Within the material below, filter for lines that hold the word "Thumbnail".

★ ★ ★

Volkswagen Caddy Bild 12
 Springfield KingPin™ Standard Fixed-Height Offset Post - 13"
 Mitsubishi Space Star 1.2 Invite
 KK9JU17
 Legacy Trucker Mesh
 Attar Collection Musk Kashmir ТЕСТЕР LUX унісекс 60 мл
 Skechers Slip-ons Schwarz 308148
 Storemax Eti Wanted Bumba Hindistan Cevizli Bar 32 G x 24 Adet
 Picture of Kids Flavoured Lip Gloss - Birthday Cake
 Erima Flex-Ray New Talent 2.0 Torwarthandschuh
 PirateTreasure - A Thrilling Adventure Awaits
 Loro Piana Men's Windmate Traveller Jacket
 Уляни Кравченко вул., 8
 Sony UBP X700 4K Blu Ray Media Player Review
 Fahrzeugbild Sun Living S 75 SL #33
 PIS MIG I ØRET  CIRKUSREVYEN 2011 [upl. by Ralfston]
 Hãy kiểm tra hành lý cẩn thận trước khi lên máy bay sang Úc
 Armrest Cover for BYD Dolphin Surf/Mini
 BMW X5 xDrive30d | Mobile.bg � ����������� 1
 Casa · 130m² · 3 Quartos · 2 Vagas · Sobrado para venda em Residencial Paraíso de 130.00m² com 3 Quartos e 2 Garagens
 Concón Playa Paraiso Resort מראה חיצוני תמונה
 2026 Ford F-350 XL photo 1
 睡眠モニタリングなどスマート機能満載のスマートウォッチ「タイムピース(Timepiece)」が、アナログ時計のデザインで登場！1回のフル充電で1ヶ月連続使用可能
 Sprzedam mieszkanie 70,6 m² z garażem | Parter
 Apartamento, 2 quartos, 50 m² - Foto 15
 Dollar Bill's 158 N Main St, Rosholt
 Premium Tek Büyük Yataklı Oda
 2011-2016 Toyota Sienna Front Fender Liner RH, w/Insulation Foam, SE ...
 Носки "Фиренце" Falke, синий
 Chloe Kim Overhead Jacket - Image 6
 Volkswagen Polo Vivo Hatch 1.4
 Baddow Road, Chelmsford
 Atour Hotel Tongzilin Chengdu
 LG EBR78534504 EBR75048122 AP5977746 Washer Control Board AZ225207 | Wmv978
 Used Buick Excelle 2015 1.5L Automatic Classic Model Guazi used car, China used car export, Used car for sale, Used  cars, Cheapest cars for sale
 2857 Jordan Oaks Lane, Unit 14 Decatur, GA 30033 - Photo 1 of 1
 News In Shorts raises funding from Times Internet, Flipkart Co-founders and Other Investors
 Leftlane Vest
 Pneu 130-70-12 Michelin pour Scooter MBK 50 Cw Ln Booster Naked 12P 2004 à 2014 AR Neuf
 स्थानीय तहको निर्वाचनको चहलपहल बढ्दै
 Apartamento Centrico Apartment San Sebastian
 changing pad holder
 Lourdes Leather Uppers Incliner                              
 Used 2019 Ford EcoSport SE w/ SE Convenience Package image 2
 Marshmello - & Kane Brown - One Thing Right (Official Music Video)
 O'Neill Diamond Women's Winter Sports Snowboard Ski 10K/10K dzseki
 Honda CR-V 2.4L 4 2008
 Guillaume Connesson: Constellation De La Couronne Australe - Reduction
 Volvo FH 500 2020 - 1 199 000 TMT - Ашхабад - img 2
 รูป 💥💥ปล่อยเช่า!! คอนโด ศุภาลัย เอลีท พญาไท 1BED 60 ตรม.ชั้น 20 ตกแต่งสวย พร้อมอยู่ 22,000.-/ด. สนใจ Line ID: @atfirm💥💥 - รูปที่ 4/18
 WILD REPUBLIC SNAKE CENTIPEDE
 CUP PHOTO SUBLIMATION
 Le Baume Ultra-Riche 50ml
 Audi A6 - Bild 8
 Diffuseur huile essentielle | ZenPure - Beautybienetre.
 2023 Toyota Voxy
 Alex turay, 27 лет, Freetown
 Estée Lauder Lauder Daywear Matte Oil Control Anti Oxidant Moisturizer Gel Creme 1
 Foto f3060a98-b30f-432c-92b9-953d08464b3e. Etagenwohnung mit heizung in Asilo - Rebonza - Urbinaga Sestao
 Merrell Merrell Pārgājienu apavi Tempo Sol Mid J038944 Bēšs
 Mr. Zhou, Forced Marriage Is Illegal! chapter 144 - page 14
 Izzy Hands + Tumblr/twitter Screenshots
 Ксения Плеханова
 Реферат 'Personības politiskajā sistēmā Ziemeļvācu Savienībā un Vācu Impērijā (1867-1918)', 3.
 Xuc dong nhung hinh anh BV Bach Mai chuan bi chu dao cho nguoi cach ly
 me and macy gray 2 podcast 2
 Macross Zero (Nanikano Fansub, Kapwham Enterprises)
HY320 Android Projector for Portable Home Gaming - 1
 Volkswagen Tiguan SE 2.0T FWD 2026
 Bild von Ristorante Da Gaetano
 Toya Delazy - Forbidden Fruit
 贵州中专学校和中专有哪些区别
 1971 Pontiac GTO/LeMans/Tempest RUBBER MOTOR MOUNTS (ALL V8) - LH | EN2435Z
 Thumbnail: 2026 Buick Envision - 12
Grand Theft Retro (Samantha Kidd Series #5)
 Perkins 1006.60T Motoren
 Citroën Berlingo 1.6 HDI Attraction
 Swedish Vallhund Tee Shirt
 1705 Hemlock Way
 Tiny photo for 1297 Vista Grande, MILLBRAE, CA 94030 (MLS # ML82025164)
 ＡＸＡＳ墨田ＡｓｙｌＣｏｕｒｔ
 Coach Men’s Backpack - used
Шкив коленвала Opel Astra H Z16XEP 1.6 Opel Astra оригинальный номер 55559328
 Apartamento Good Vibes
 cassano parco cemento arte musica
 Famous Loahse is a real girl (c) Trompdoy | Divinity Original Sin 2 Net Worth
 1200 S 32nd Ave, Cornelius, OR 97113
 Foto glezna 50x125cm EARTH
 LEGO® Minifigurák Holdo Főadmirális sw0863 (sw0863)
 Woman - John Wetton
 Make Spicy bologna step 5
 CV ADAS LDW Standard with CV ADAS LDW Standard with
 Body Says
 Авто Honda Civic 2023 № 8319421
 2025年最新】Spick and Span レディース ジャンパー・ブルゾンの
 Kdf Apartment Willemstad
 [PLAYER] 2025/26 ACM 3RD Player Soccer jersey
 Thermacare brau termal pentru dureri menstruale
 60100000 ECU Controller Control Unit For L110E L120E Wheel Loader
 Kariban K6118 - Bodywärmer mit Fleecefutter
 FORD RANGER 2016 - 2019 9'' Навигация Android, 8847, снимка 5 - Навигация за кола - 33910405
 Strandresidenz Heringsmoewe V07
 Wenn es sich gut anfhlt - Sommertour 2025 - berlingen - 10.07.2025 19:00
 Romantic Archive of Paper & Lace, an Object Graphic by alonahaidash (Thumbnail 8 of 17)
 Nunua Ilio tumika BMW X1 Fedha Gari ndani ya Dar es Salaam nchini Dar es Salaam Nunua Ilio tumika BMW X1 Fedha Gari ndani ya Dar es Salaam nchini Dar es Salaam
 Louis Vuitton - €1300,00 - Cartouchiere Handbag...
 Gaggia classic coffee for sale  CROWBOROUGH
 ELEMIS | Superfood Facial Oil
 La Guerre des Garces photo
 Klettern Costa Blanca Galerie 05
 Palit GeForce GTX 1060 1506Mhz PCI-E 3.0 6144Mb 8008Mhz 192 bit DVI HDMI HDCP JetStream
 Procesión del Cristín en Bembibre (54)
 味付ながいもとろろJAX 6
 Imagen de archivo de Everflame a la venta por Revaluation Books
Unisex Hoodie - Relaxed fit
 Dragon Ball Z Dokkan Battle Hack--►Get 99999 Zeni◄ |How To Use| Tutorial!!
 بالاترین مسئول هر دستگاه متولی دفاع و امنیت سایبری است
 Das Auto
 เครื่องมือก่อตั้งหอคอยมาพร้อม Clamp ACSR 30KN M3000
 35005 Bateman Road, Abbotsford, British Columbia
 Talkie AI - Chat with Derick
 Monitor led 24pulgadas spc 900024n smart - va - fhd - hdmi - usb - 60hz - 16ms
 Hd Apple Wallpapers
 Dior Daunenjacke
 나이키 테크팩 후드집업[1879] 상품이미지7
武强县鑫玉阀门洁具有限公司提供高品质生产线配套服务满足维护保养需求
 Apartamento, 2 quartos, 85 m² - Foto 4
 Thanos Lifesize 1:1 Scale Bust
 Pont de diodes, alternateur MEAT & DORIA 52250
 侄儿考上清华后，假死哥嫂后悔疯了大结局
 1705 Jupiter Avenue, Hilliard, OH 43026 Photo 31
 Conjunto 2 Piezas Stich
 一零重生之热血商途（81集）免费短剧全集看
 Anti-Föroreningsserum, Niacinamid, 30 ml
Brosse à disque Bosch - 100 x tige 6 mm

★ ★ ★

RESULT —
 Thumbnail: 2026 Buick Envision - 12
 Romantic Archive of Paper & Lace, an Object Graphic by alonahaidash (Thumbnail 8 of 17)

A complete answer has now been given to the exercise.